On the table in this photograph are the remains of more than 130 wedge-tailed eagles (Aquila audax) — Australia’s largest bird of prey. The birds had been poisoned, and I needed to confirm the species for a criminal case.
As collection manager of ornithology at the Australian Museum in Sydney, I not only identify birds, but also give input on exhibits and educational programmes and provide other scientific services. The museum’s bird collection is the oldest and largest in Australia, containing about 100,000 specimens of species from all over both the country and the world. The oldest registered specimen is a northern pintail duck (Anas acuta), collected in 1828.
I liken the collection to a bird library.

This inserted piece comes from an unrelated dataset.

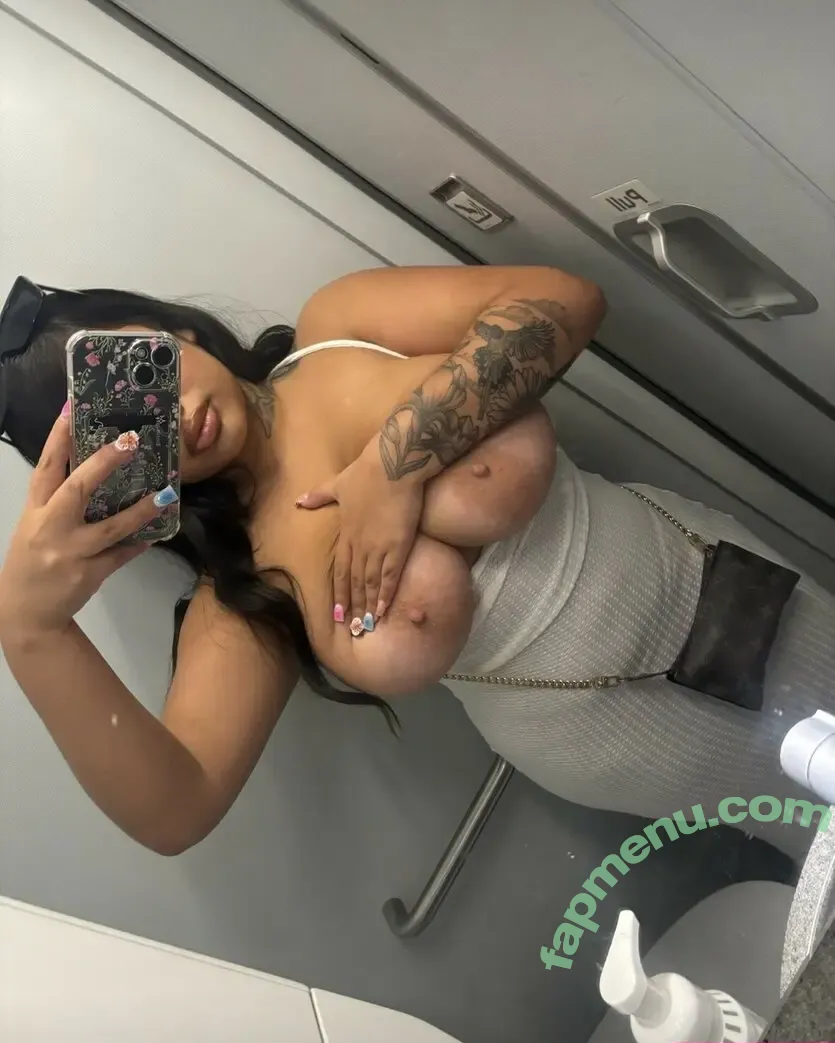 ParlayPrincesa nude photo #0101 (iriisileaa)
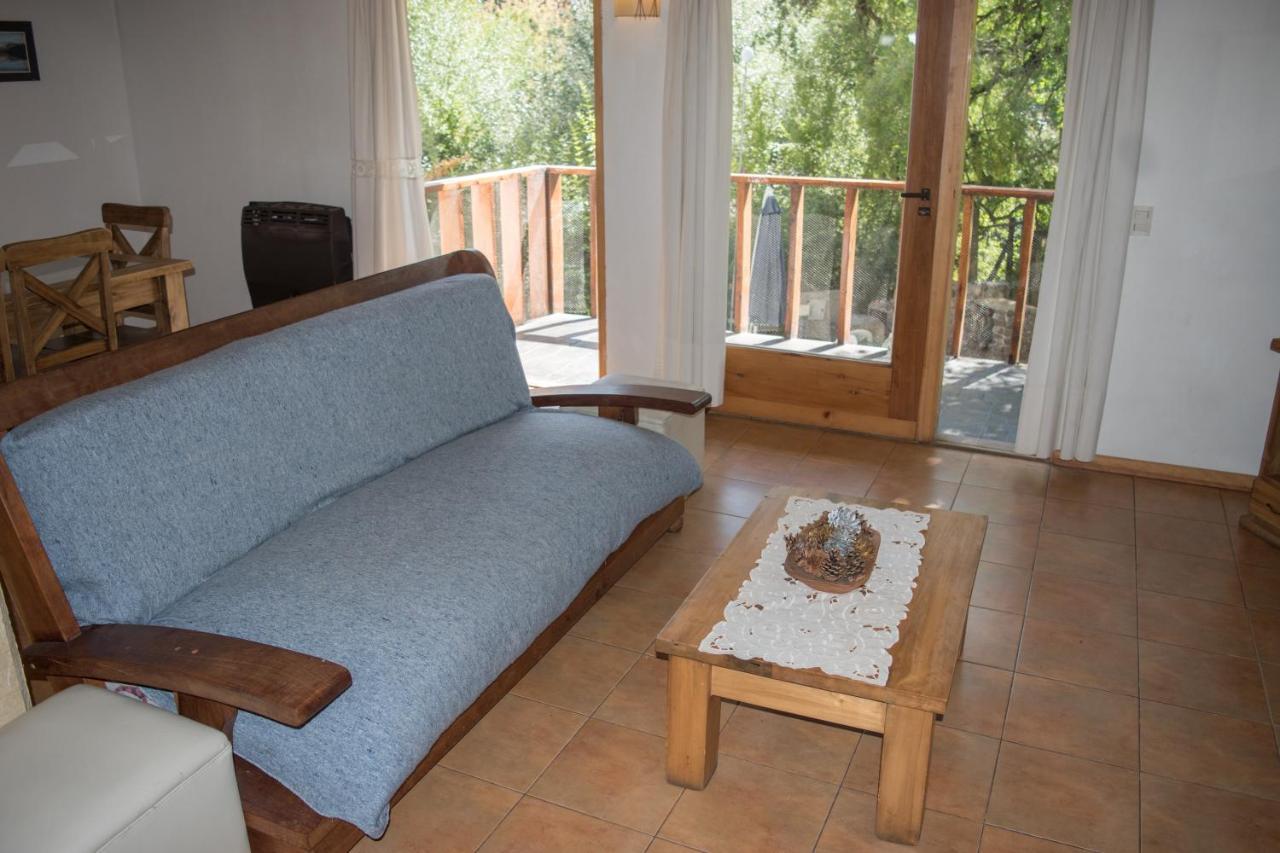 Cabanas Rucaleufu Saint-Martin Extérieur photo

Researchers can come in to study a species or range of species. We’ve got stuffed specimens; skeletons; animals mounted in lifelike poses; intact birds in ethanol; eggs and nests; and a range of frozen tissues. Every item notes the time and location of collection, as well as the name of the species. Each is a snapshot in time and holds information that can’t be replicated.
My passion for birds began when I was young. I liked watching them to work out what they were doing. Why would different birds walk differently, eat different things, be different colours? For me, the collection is brilliant. I can hold the birds in my hand and look at them closely to scrutinize and appreciate their differences.

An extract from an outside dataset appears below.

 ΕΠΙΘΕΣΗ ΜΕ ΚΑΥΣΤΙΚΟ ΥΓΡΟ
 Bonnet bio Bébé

Specimens usually come in from the public or from staff at the National Parks and Wildlife Service. But in the eagle poisoning case, I had to fly down to a chilly government-department shed in Knoxfield to carry out my analyses.
The whole situation was very sad. The perpetrator was prosecuted for poisoning hundreds of birds on a property in Victoria between 2016 and 2018. He was fined and jailed. It was a great outcome to have him caught and penalized.